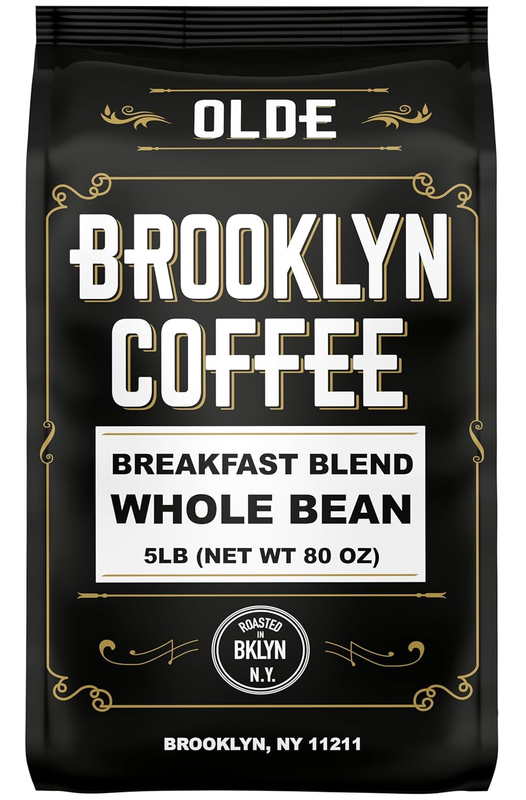 BROOKLYN COFFEE Whole Bean, Breakfast Blend Light Medium Roast (5Lb) Delicate, Smooth, Low Acidity - Fresh Bulk Coffee Beans Roasted Weekly in NYC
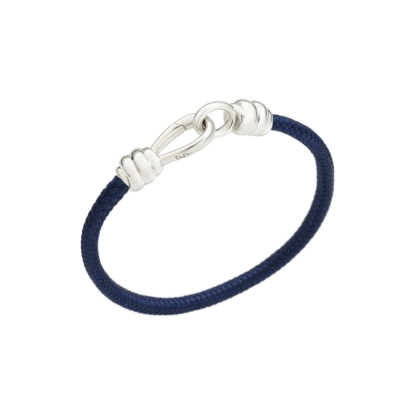 Bracciale Nodo in Argento e Cotone Blue Navy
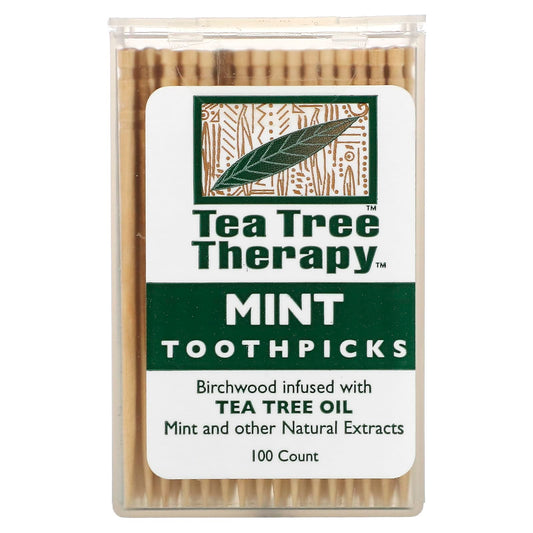 Tea Tree Therapy, Toothpicks, Mint, 100 Count - Image 1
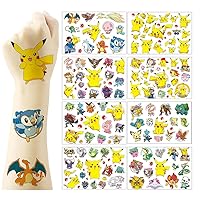 8 Sheets Temporary Tattoos for Kids,Cute Anime Tattoo Toys,Waterproof Tattoo Stickers for Theme Birthday Party Favors,Suitable for Group Activities,Toy Patterns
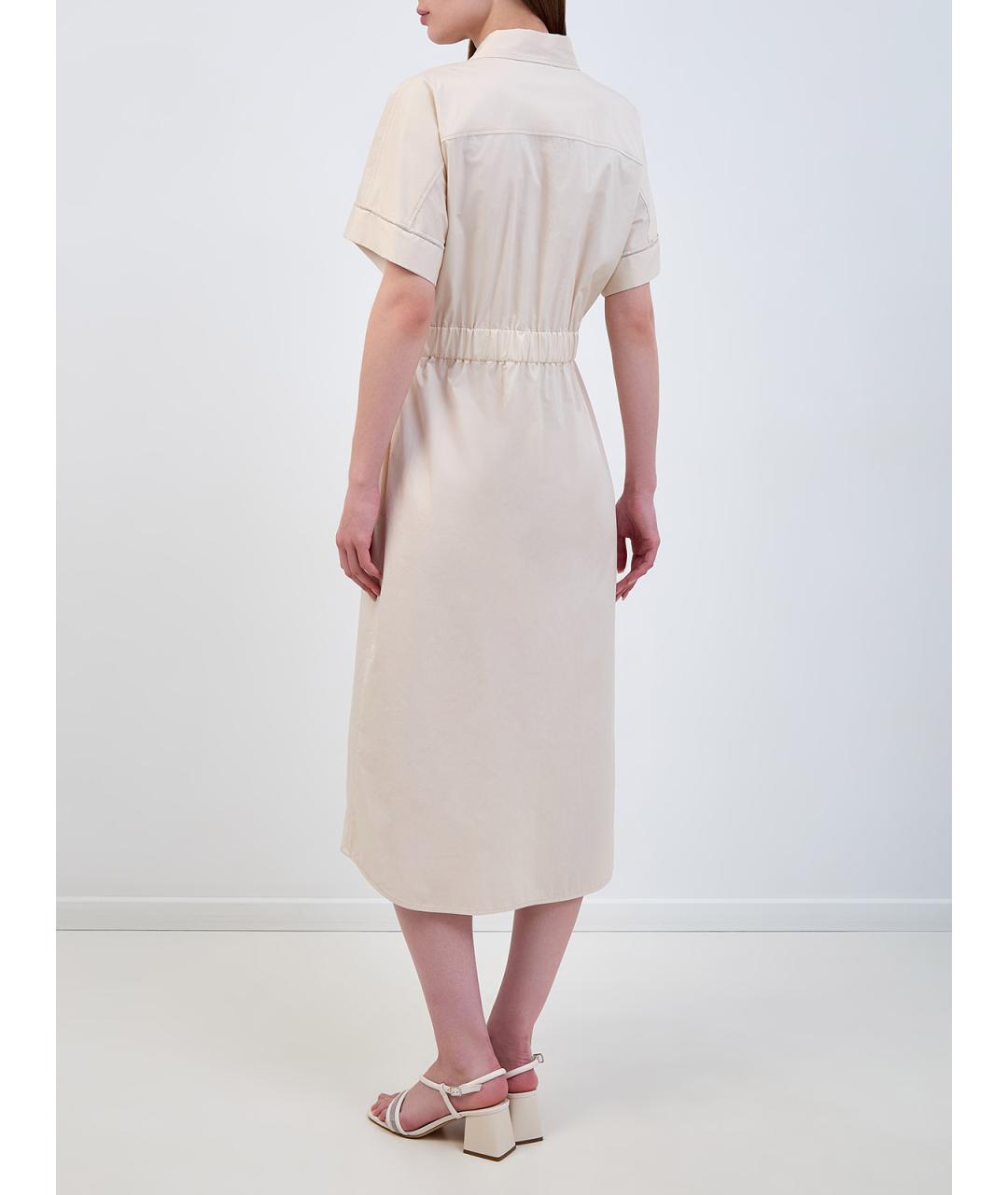 PESERICO Бежевое хлопковое повседневное платье, фото 4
+ + + + + + +
What is expected >> For this task, return exactly the stretch of the listing above from the line with "Tea Tree Therapy, Toothpicks, Mint, 100" through the line with "8 Sheets Temporary", inclusive and without pictures.

Task answer >>
 Tea Tree Therapy, Toothpicks, Mint, 100 Count - Image 1
 8 Sheets Temporary Tattoos for Kids,Cute Anime Tattoo Toys,Waterproof Tattoo Stickers for Theme Birthday Party Favors,Suitable for Group Activities,Toy Patterns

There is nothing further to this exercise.